__Problem statement__: Leaving the images out, output each entry below exactly.
── Exercise input
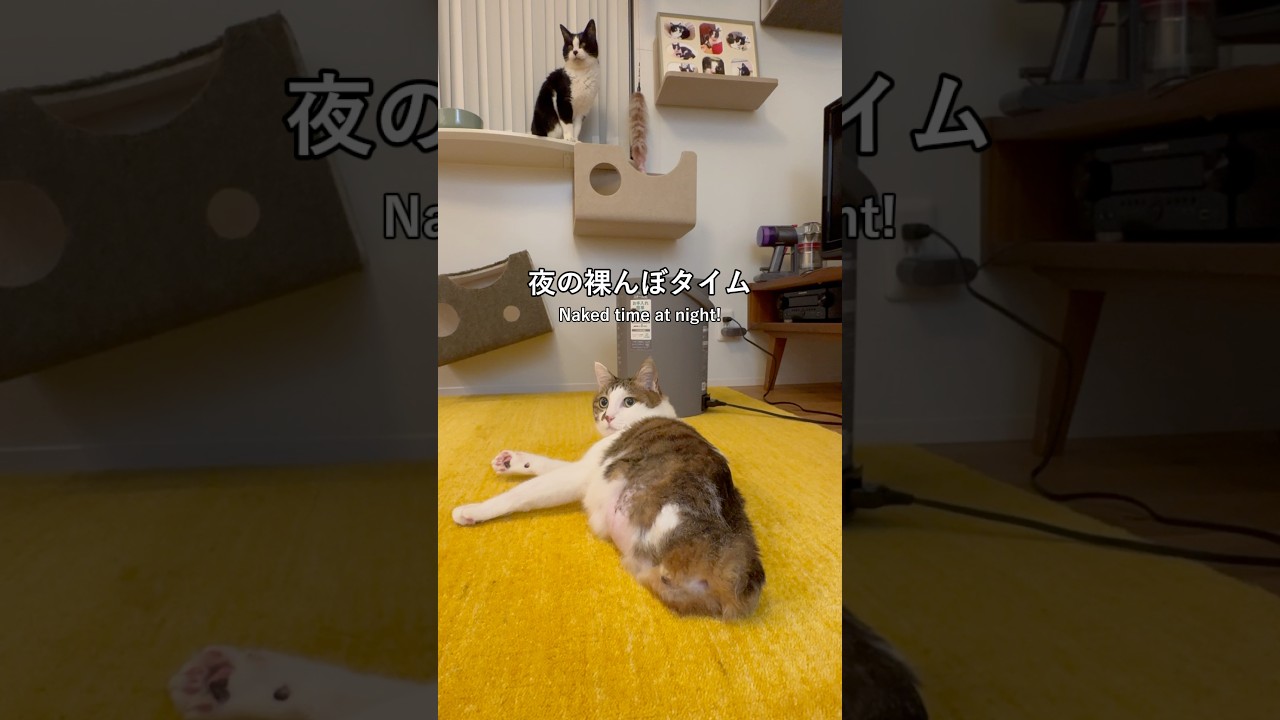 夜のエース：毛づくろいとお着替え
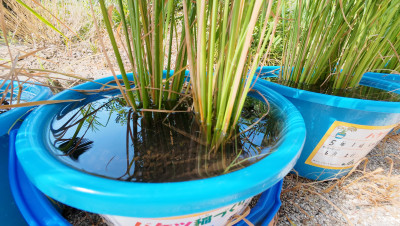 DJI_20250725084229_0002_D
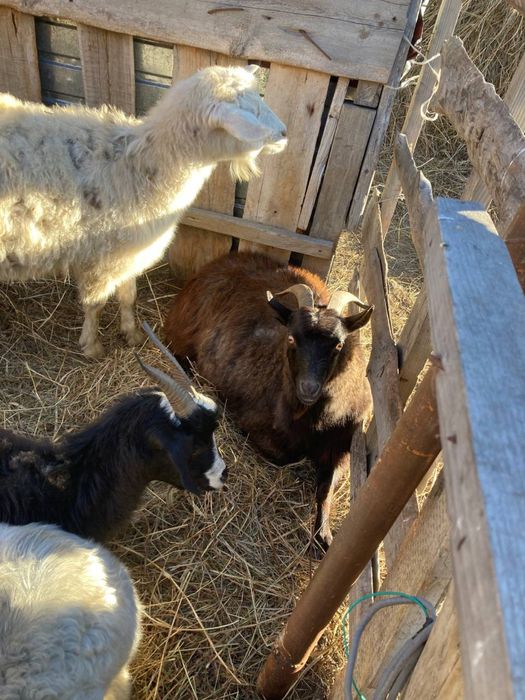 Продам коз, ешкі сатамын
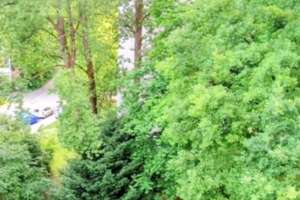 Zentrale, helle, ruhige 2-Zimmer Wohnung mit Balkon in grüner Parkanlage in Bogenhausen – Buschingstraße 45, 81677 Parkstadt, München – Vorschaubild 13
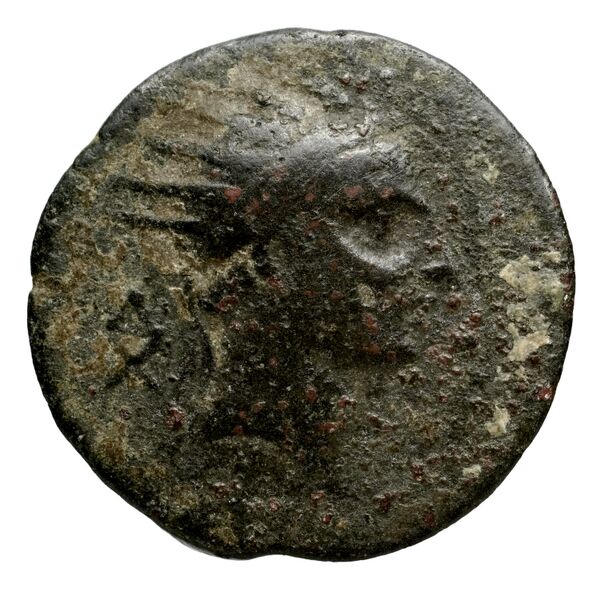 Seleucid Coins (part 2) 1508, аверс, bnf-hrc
────
__Output__:
 夜のエース：毛づくろいとお着替え
 DJI_20250725084229_0002_D
 Продам коз, ешкі сатамын
 Zentrale, helle, ruhige 2-Zimmer Wohnung mit Balkon in grüner Parkanlage in Bogenhausen – Buschingstraße 45, 81677 Parkstadt, München – Vorschaubild 13
 Seleucid Coins (part 2) 1508, аверс, bnf-hrc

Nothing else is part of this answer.